Retype the data exactly, from its first line to the line containing "Billetera Michael Kors de tela marrón", including both, and skip any picture.

[Records excerpted from a collection]

▬▬▬▬▬▬▬▬▬▬

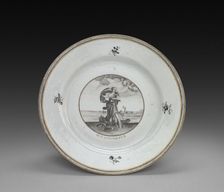 Plate: Female Figure, 1700s. Creator: Unknown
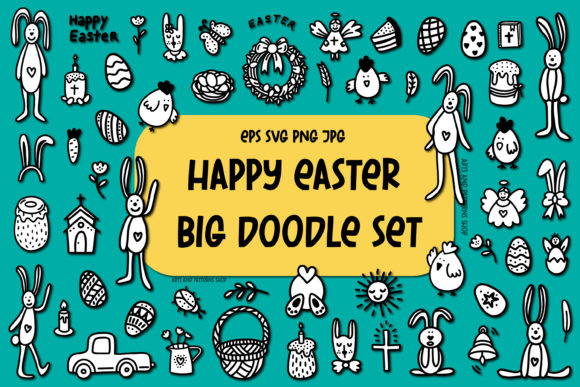 Easter Doodle Set  Graphic Illustrations By Art's and Patterns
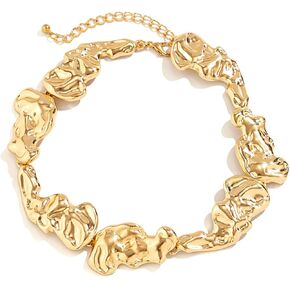 Melting Chunky Liquid Dripping Metal Buckle Collar Necklace for Women,Thick Geometric Metallic Unisex Abstract Choker Necklace Statement Fashion Chain Necklace Cool Punk Jewelry (Gold)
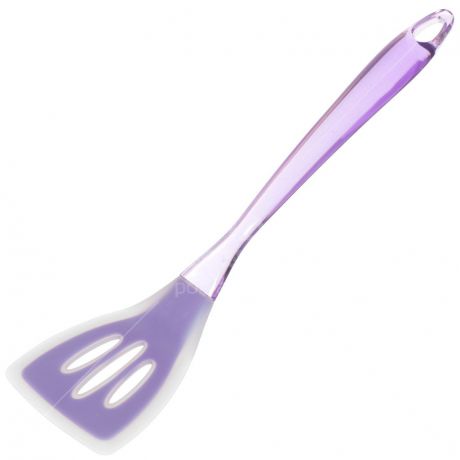 Лопатка кулинарная Daniks YW-KT129P-3 с прорезями фиолетовая силиконовая с прозрачной пластиковой ручкой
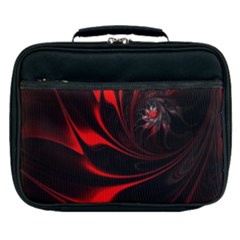 Abstract Curve Dark Flame Pattern Lunch Bag by Nexatart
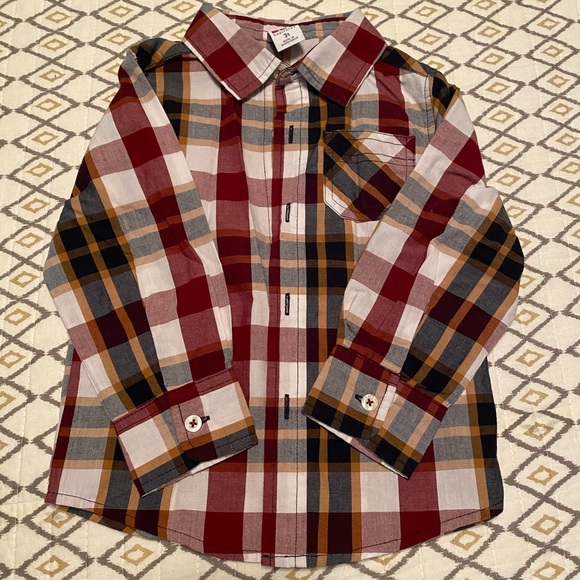 Toddler plaid long sleeve button up shirt - Picture 1 of 1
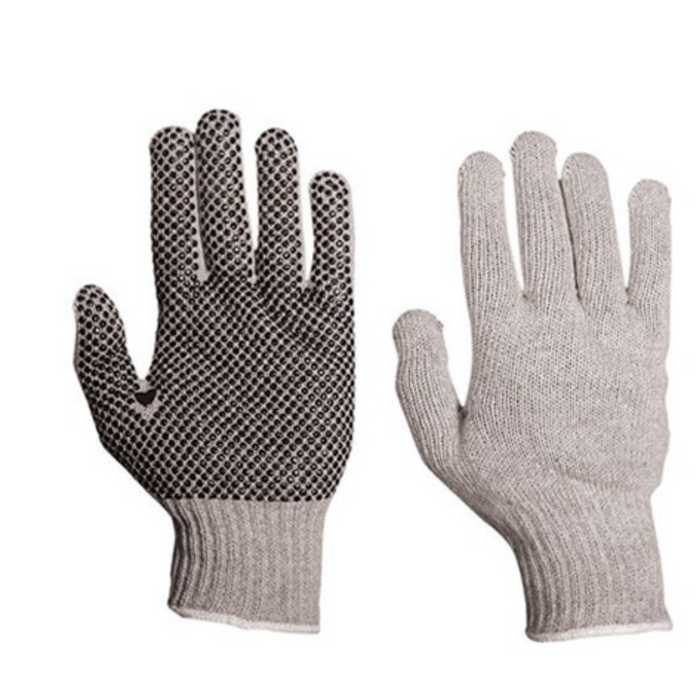 Polycottons Knitted Gloves G100AW with Single-Sided PVC Polka Dot Grip - Available in Large and Small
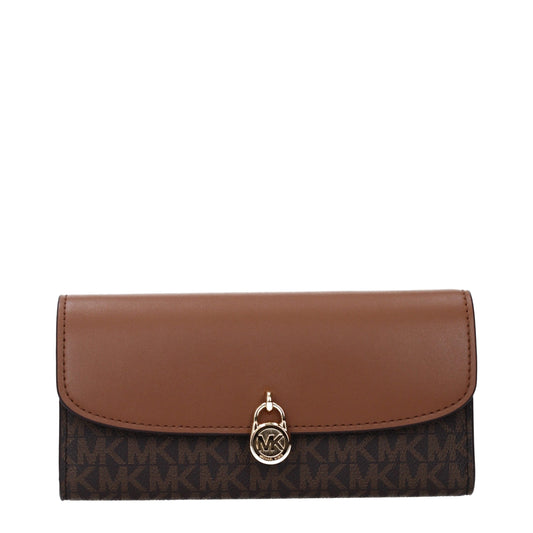 Billetera Michael Kors de tela marrón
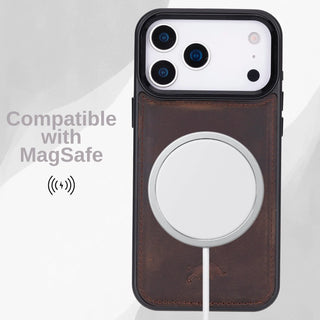 VENOULT™  Detachable Wallet Case for iPhone 17 Pro – Full-Grain Genuine Leather, MagSafe Compatible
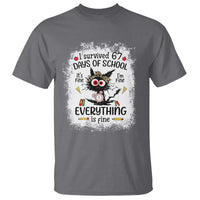 I Survived 67 Days of School T Shirt Funny Teacher Black Cat Chaos Everything Is Fine - Wonder Print Shop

▬▬▬▬▬▬▬▬▬▬

> [WRITTEN ANSWER]:
 Plate: Female Figure, 1700s. Creator: Unknown
 Easter Doodle Set  Graphic Illustrations By Art's and Patterns
 Melting Chunky Liquid Dripping Metal Buckle Collar Necklace for Women,Thick Geometric Metallic Unisex Abstract Choker Necklace Statement Fashion Chain Necklace Cool Punk Jewelry (Gold)
 Лопатка кулинарная Daniks YW-KT129P-3 с прорезями фиолетовая силиконовая с прозрачной пластиковой ручкой
 Abstract Curve Dark Flame Pattern Lunch Bag by Nexatart
 Toddler plaid long sleeve button up shirt - Picture 1 of 1
 Polycottons Knitted Gloves G100AW with Single-Sided PVC Polka Dot Grip - Available in Large and Small
 Billetera Michael Kors de tela marrón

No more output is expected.